4 Defendants correctly point out that the effectiveness of service prior to removal is determined by the laws of the state from which the action was removed, in this case Georgia. See doc. 14 at 5 (citing Rentz v. Swift Transp. Co., Inc., 185 F.R.D. 693 (1998)); see also Orton v. Mathews, 572 F. App'x 830, 833 (11th Cir. 2014) (citing Usatorres v. Marina Mercante Nicaraguenses, S.A., 768 F.2d 1285, 1286 n.1 (11th Cir. 1985)) ("When a federal court is considering the sufficiency of process after removal, it does so by looking to the state law governing process.").

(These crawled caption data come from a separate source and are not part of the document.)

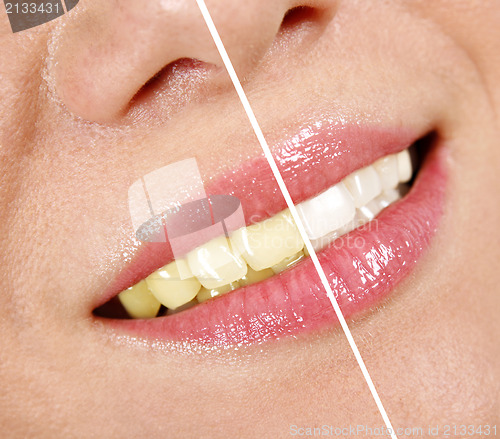 Image of Whitening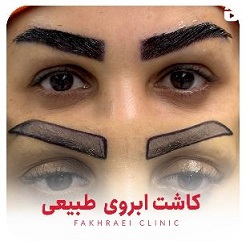 کاشت ابرو پایدار بندرعباس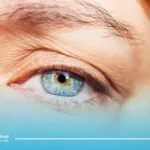 لیفت پلک؛ مراحل انجام، مزایا، معایب و هزینه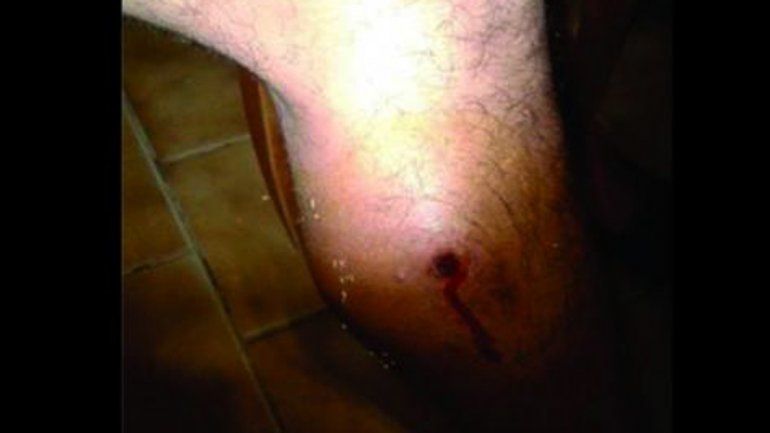 Recibió un balazo mientras pescaba en el río Malleo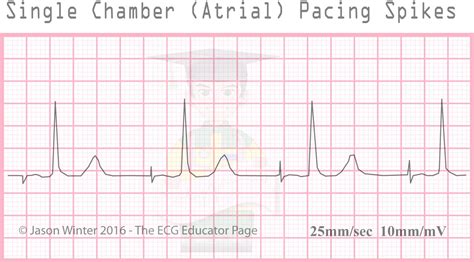 Ecg Educator Blog Pacemakers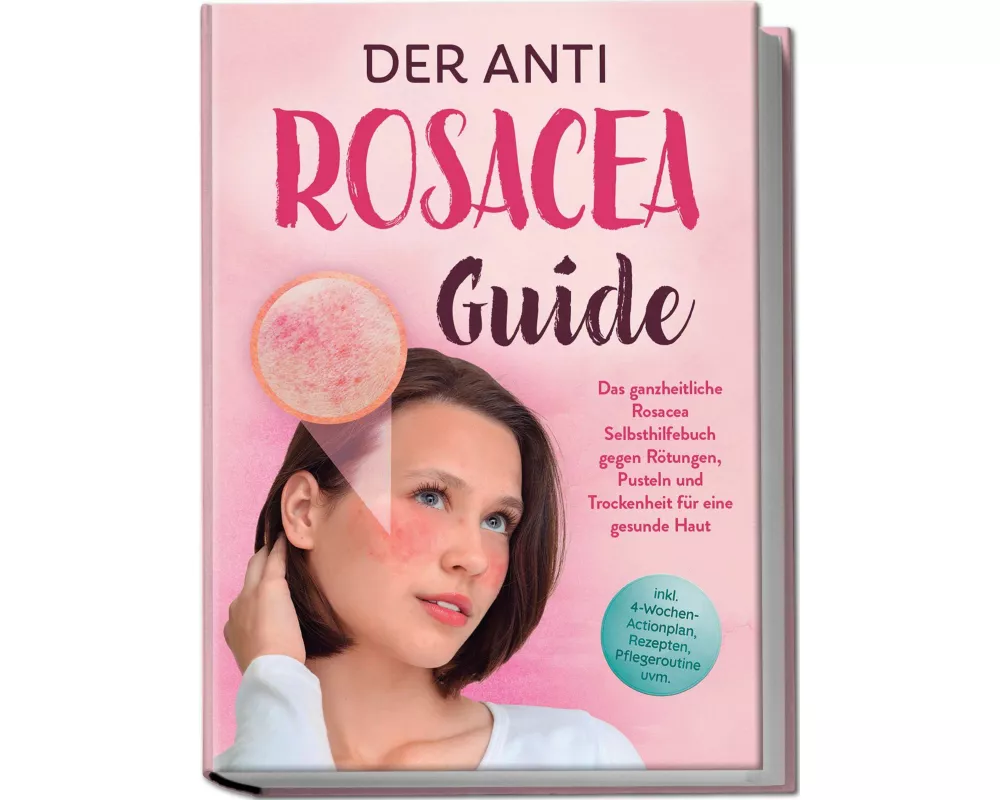 Der Anti Rosacea Guide: Das ganzheitliche Rosacea Selbsthilfebuch gegen Rötungen, Pusteln und Trockenheit für eine gesunde Haut - inkl. 4¿Wochen¿Actio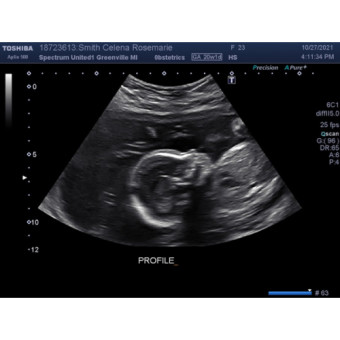 Babylist Registry Photo.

5 Even assuming that the facts alleged supported a criminal charge (and they don't appear to) private citizens simply cannot initiate criminal proceedings. See, e.g., Lopez v. Robinson, 914 F.2d 486, 494 (4th Cir. 1990) ("No citizen has an enforceable right to institute a criminal prosecution." (citing Linda R. v. Richard V., 410 U.S. 614, 619, 93 S. Ct. 1146, 35 L. Ed. 2d 536 (1973) ("In American jurisprudence at least, a private citizen lacks a judicially cognizable interest in the prosecution or nonprosecution of another.")); Cok v. Cosentino, 876 F.2d 1, 2 (1st Cir. 1989) ("[A] private citizen has no authority to initiate a federal criminal prosecution."). The Court is also without authority to order the United States Attorney to initiate a prosecution. See Inmates of Attica Corr. Facility v. Rockefeller, 477 F.2d 375, 379 (2nd Cir. 1973) (citations omitted) ("federal courts have traditionally and, to our knowledge, uniformly refrained from overturning, at the insistence of a private person, discretionary decisions of federal prosecuting authorities not to prosecute persons regarding whom a complaint of criminal conduct is made[,] . . . even in cases . . .where . . . serious questions are raised as to the protection of the civil rights and physical security of a definable class of victims of crime and as to the fair administration of the criminal justice system."). Such orders would violate the Constitution's separation of powers between the Executive and Judicial Branches. See id. at 379-80 (quotes and cite omitted) (the United States Attorney, although a member of the bar and an officer of the court, "is nevertheless an executive official of the Government, and it is as an officer of the executive department that he exercises a discretion as to whether or not there shall be a prosecution in a particular case."). The Court has discretion to refer perjury allegations to the United States Attorney for prosecution, but sees no reason to do so here.